Combining a concise-reasoning SFT warm-up with RL length penalties is a practical recipe for reducing inference compute costs by 28-40% with minimal accuracy loss—making it deployable for cost-sensitive production LLM systems
Rewarding self-verification selectively (only when beneficial) rather than penalizing all extended reasoning avoids over-pruning and preserves accuracy on problems that genuinely benefit from verification steps
The AUC_OAA metric is a useful tool for practitioners evaluating efficient reasoning methods, as it captures the full accuracy-vs-length trade-off rather than a single operating point, enabling fairer comparison across methods

Abstract

The reasoning capabilities of large language models (LLMs) have improved substantially through increased test-time computation, typically in the form of intermediate tokens known as chain-of-thought (CoT).
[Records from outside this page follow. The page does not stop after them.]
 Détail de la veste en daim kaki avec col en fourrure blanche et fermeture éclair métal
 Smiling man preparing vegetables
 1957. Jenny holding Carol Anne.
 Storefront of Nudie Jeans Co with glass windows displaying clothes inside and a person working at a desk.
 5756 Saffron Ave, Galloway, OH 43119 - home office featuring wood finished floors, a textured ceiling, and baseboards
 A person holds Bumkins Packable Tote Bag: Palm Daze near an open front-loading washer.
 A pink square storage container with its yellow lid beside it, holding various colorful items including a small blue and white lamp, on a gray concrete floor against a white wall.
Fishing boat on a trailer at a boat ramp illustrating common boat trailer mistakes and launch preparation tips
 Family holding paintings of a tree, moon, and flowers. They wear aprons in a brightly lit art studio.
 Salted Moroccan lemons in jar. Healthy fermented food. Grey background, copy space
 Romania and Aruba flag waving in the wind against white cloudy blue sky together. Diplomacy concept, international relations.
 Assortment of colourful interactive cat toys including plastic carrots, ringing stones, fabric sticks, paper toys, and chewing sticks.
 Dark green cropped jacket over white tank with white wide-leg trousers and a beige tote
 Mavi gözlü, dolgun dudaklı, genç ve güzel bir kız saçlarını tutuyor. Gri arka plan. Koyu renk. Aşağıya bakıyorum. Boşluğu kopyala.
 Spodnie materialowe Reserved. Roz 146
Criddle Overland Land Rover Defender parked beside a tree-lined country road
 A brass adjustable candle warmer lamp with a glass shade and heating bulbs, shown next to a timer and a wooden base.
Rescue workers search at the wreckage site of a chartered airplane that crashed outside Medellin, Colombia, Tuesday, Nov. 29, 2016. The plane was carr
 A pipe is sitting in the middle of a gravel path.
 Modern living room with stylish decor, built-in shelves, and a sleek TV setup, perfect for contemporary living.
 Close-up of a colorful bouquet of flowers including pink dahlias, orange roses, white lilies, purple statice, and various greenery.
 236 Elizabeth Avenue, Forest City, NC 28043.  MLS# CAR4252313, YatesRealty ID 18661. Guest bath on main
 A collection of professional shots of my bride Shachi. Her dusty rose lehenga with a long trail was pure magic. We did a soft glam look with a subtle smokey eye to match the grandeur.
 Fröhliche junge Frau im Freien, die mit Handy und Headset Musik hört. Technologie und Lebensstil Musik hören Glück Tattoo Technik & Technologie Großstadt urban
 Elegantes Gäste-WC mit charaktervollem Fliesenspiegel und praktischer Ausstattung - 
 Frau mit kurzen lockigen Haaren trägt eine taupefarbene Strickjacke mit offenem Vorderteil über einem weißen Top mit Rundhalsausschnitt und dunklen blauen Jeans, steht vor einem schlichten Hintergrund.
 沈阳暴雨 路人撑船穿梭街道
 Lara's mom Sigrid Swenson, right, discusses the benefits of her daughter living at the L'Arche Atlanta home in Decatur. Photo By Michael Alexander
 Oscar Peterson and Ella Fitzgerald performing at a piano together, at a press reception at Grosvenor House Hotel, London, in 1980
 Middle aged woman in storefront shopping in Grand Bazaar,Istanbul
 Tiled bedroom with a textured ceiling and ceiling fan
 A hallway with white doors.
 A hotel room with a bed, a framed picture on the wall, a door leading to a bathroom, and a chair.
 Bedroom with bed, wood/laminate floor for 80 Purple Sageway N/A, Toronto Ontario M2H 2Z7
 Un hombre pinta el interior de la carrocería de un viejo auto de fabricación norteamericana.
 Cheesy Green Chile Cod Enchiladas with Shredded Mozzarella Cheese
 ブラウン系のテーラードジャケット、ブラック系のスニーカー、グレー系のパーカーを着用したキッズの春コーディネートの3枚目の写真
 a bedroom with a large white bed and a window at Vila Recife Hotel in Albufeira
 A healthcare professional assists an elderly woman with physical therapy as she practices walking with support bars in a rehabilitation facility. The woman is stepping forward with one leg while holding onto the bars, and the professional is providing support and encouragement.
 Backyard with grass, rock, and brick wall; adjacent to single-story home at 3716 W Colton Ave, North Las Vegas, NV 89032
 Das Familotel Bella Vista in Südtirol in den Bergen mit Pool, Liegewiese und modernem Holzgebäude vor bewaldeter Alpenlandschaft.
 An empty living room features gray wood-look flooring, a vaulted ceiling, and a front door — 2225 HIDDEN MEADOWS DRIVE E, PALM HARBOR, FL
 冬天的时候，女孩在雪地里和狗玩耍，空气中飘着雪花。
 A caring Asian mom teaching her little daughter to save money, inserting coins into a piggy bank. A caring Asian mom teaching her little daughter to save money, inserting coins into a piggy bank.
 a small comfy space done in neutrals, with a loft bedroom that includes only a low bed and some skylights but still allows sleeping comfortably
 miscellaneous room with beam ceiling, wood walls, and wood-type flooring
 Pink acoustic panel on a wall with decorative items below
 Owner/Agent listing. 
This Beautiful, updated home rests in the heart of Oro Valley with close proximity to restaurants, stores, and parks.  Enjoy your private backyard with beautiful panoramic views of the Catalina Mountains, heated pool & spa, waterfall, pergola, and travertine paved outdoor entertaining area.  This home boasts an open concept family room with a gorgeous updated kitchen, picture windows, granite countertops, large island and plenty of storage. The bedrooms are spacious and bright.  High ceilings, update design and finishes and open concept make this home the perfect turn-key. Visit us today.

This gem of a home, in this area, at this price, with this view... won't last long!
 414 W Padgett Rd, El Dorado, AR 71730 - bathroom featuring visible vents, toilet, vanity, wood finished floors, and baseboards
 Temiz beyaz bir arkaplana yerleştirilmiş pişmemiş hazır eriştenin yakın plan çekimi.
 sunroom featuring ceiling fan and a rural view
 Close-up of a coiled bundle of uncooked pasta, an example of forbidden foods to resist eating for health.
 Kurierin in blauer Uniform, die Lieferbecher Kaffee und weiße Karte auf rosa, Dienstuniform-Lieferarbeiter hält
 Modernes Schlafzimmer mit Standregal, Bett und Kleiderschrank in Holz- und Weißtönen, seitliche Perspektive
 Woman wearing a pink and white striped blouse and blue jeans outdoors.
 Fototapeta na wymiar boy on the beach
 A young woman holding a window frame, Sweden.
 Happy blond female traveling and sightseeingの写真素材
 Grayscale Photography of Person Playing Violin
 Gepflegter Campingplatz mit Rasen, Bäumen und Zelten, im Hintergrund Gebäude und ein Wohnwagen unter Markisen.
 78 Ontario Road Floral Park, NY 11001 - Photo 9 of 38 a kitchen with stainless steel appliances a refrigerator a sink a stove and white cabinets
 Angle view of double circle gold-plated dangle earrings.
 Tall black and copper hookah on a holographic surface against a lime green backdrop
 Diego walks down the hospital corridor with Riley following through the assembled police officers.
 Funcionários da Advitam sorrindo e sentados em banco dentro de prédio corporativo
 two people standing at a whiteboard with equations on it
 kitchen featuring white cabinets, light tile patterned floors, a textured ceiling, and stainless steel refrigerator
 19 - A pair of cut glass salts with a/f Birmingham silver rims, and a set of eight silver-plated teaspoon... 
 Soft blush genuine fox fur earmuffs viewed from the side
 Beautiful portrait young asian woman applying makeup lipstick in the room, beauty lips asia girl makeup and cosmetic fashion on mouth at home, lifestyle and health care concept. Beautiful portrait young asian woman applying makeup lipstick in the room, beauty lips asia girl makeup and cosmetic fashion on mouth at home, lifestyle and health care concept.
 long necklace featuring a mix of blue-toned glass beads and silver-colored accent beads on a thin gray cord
However, CoT often becomes unnecessarily long, increasing computation cost without actual accuracy gains or sometimes even degrading performance, a phenomenon known as ``overthinking''. We propose a multi-stage efficient reasoning method that combines supervised fine-tuning -- via rejection sampling or reasoning trace reformatting -- with reinforcement learning using an adaptive length penalty. We introduce a lightweight reward function that penalizes tokens generated after the first correct answer but encouraging self-verification only when beneficial. We conduct a holistic evaluation across seven diverse reasoning tasks, analyzing the accuracy-response length trade-off. Our approach reduces response length by an average of 28\% for 8B models and 40\% for 32B models, while incurring only minor performance drops of 1.6 and 2.5 points, respectively. Despite its conceptual simplicity, it achieves a superior trade-off compared to more complex state-of-the-art efficient reasoning methods, scoring 76.6, in terms of the area under the Overthinking-Adjusted Accuracy curve ($\text{AUC}_{\text{OAA}}$) -- 5 points above the base model and 2.5 points above the second-best approach.